JDASoftwareGroup / kartothek

A consistent table management library in python
https://kartothek.readthedocs.io/en/stable
MIT License
161 stars 53 forks source link

Inconsistent type of kwarg 'store' across write and update #61

Open kagharpure opened 5 years ago

kagharpure commented 5 years ago

The eager write functions appear to expect the argument supplied to store to directly be a store object, whereas the update function appears to expect a factory (python callable) - can it be standardized one way or another please?


   import numpy as np
   import pandas as pd
   from functools import partial
   from storefact import get_store_from_url
   from tempfile import TemporaryDirectory
   from kartothek.io.eager import store_dataframes_as_dataset
   from kartothek.io.eager import update_dataset_from_dataframes

   df = pd.DataFrame(
       {
           "A": 1.,
           "B": pd.Timestamp("20130102"),
           "C": pd.Series(1, index=list(range(4)), dtype="float32"),
           "D": np.array([3] * 4, dtype="int32"),
           "E": pd.Categorical(["test", "train", "test", "train"]),
           "F": "foo",
       }
   )

   dataset_dir = TemporaryDirectory()
   store = get_store_from_url(f"hfs://{dataset_dir.name}") 
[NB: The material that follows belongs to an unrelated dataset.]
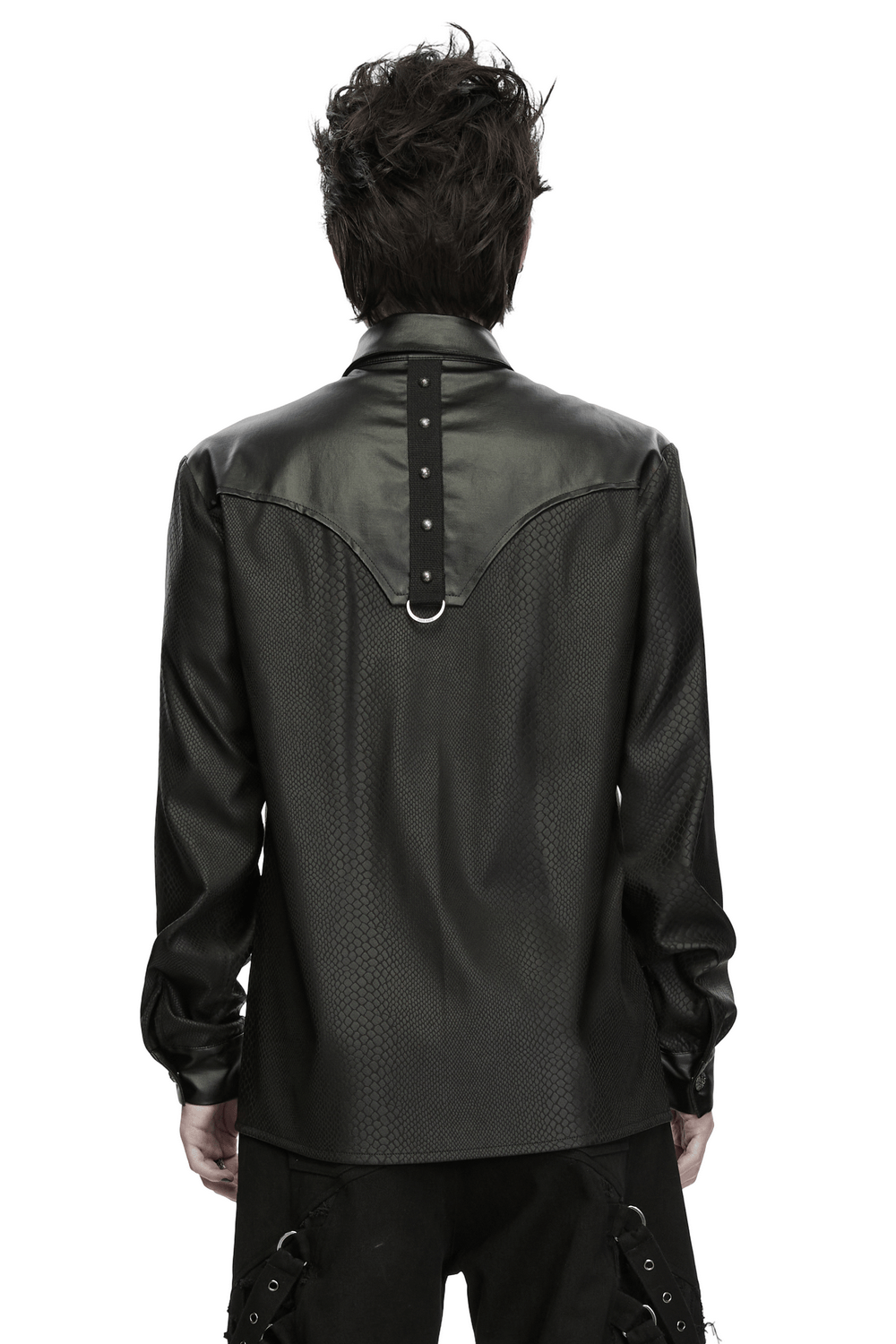 Men's Punk Snake Pattern Shirt with Studded Details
   dm = store_dataframes_as_dataset(
      store, #store object works fine here  
      "a_unique_dataset_identifier", 
      df, 
      metadata_version=4
   )

   another_df = pd.DataFrame(
       {
           "A": 2.,
           "B": pd.Timestamp("20190604"),
           "C": pd.Series(2, index=list(range(4)), dtype="float32"),
           "D": np.array([6] * 4, dtype="int32"),
           "E": pd.Categorical(["test", "train", "test", "train"]),
           "F": "bar",
       }
   )

   store_factory = partial(get_store_from_url, f"hfs://{dataset_dir.name}")

   dm = update_dataset_from_dataframes(
       [another_df],
       store=store_factory, #but this needs to be a callable
       dataset_uuid="a_unique_dataset_identifier"
       )
   dm
fjetter commented 5 years ago

Usually kartothek expects proper store factories. We only make an exception for the eager implementation. We're using the utils._make_callable function https://github.com/JDASoftwareGroup/kartothek/blob/3f7344fc29dc154923dae81d5352fa34698f7059/kartothek/io_components/utils.py#L345 This is currently done for a few functions, e.g. https://github.com/JDASoftwareGroup/kartothek/blob/3f7344fc29dc154923dae81d5352fa34698f7059/kartothek/io/eager.py#L125

kagharpure commented 5 years ago

Thanks @fjetter. Out of curiosity and for the wider user-base, what's the reasoning behind the choice of store factories?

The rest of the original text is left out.